The Trump administration is openly defying and lying to Congress. Members of Congress must act to end the United States’ complicity in this war.
Rep. Ro Khanna, one of the leading critics of the war in the House, had this to say:
Pompeo’s ‘certification’ is a farce. The Saudis deliberately bombed a bus full of children. There is only one moral answer, and that is to end our support for their intervention in Yemen.
If this executive will not do it, then Congress must pass a War Powers Resolution. https://t.co/VlYVMChrjA
— Rep. Ro Khanna (@RepRoKhanna) September 12, 2018
We know that the administration and the president are not concerned with evidence or expert opinion, and they were always going to do what they wanted to do. Gregg Carlstrom made a good observation about this earlier today:
If you’re keeping score at home, the US refuses to certify that Iran is complying with the nuclear deal, which the IAEA says it is, and certifies that the Saudi-led coalition is protecting civilians in Yemen, which the UN says it is not.
— Gregg Carlstrom (@glcarlstrom) September 12, 2018
Trump and the Iran hawks around him were determined to renege on the deal no matter what, and it didn’t matter to them that Iran was in compliance with it. Likewise, they are determined to keep fueling the world’s worst humanitarian crisis by backing the Saudi coalition to the hilt, and they aren’t going to be dissuaded from this no matter how many atrocities the coalition carries out against innocent Yemenis with our help.

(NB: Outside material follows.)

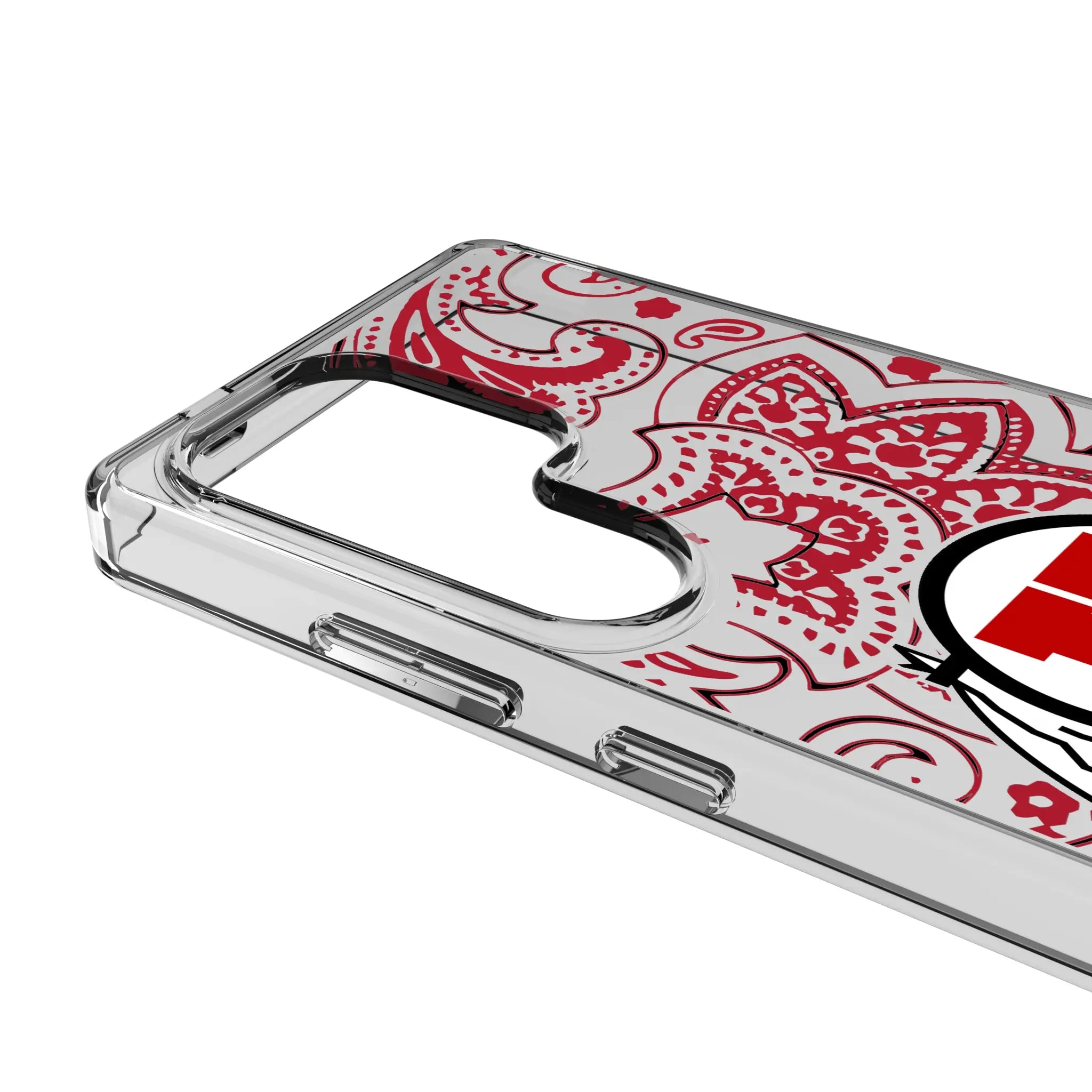 University of Utah Utes Paisley Galaxy Clear Phone Case for Samsung Galaxy - Detail#Device_Galaxy S25 Ultra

Leaving an opening for the administration to continue support for the war was the flaw in the Young-Shaheen approach from the start. That is why the war powers challenge back in the spring sponsored by Sens. Sanders and Lee was the best and only effective way to halt our involvement in the war. This is what I said in March:
The conditions that the Young-Shaheen resolution would impose on U.S. support for the war are a woefully insufficient response to the disaster engulfing Yemen, and we have to assume that the incoming Secretary of State Mike Pompeo will always find in favor of the Saudis and their allies [bold mine-DL]. We already know that the coalition isn’t engaging in an “urgent and good faith effort” to negotiate an end to the war, and their “aid” efforts are poorly-disguised efforts to perpetuate a blockade aimed at starving Yemen into submission. Instead of constraining executive overreach and reasserting Congress’ proper role in matters of war, Young-Shaheen would once again defer to the executive and leave it to the administration to decide how long support for the war goes on. Three years of uncritical backing for the Saudi-led war on Yemen proves that the executive won’t do anything meaningful to rein in the coalition or pressure them to end the war.
Pompeo’s phony certification is an insult and shows contempt for the law, but it should also cause more members of Congress to oppose our indefensible policy in Yemen. The administration won’t agree to stop enabling Saudi coalition war crimes, so Congress will have to stop them.